By Sara Bosworth
Hoping to solve a peculiar design problem, the city is calling on architects to consider a peculiar request: think small.
In this case, the instructions are literal. The Department of Housing and Development announced on Monday the Big Ideas for Small Lots initiative, an architectural competition to fill 23 of New York City’s narrowest vacant lots, many of which have been neglected and trash-strewn for decades. Two are in Queens.
The Queens sites are located at 113th Avenue between 155th street and 156th street and Rockaway Boulevard near 128th Street.

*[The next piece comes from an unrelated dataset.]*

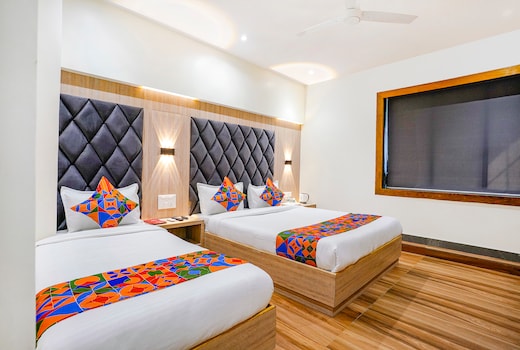 FabHotel Riza International - Nr. Nesco Exhibition Centre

The city, in collaboration with the American Institute of Architects New York, will host a two-phase design challenge that asks architects to create models for affordable housing on a small scale — the lots range in size from 663 square feet in the Bronx to 4,000 square feet in Staten Island.
Big Ideas for Small Lots hopes to leverage the tiny, vacant spaces as part of HPD’s effort to build and preserve 300,000 affordable homes by 2026.
Submissions for Stage I of the competition are due March 24, at which point HPD will award a $3,000 stipend to five finalists, who will be invited back to present Stage II proposals in September.
Proposals will be given to a panel of nine judges of architects, urban designers, city planners, private developers and designers.
The sites are scheduled to be designated in November.